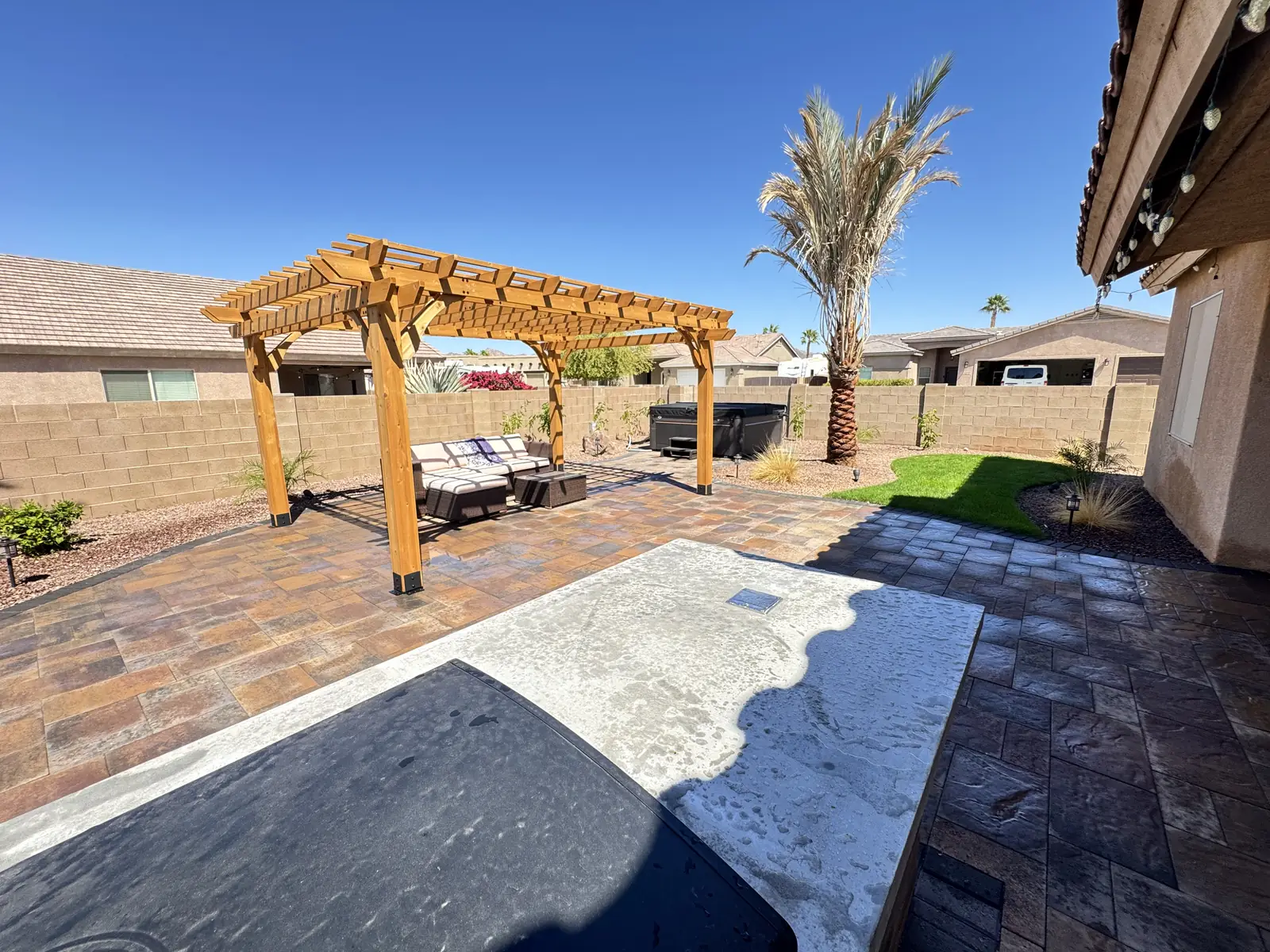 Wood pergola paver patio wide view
•••
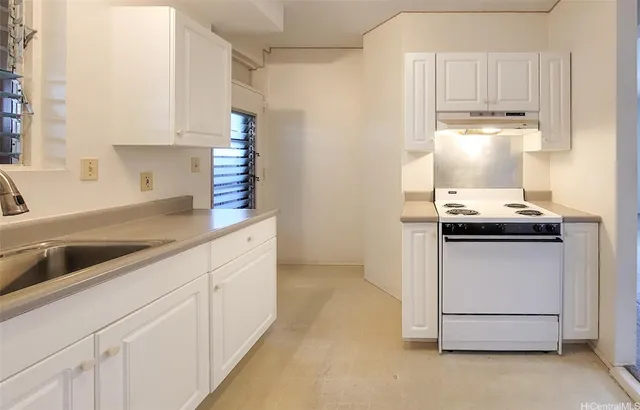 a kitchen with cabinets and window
•••
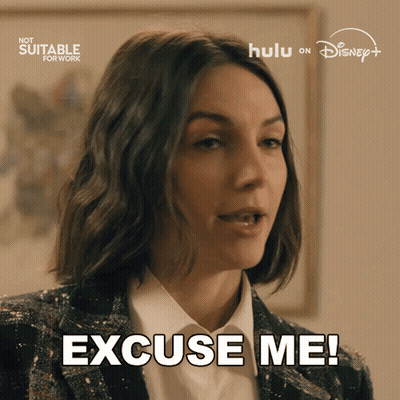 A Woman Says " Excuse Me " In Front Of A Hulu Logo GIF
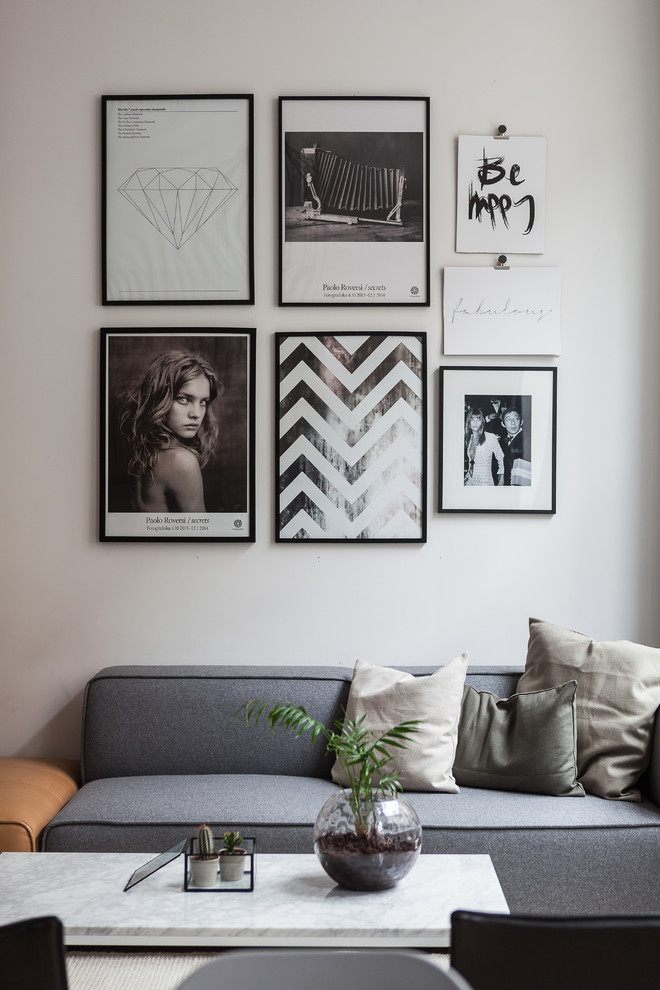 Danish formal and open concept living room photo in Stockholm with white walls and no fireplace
•••
### What you should do
Exactly reproduce the lines above, starting at the one that contains "A Woman Says" and ending at the one that contains "Danish formal and", both inclusive; leave the pictures out and add no other lines.

### Response
 A Woman Says " Excuse Me " In Front Of A Hulu Logo GIF
 Danish formal and open concept living room photo in Stockholm with white walls and no fireplace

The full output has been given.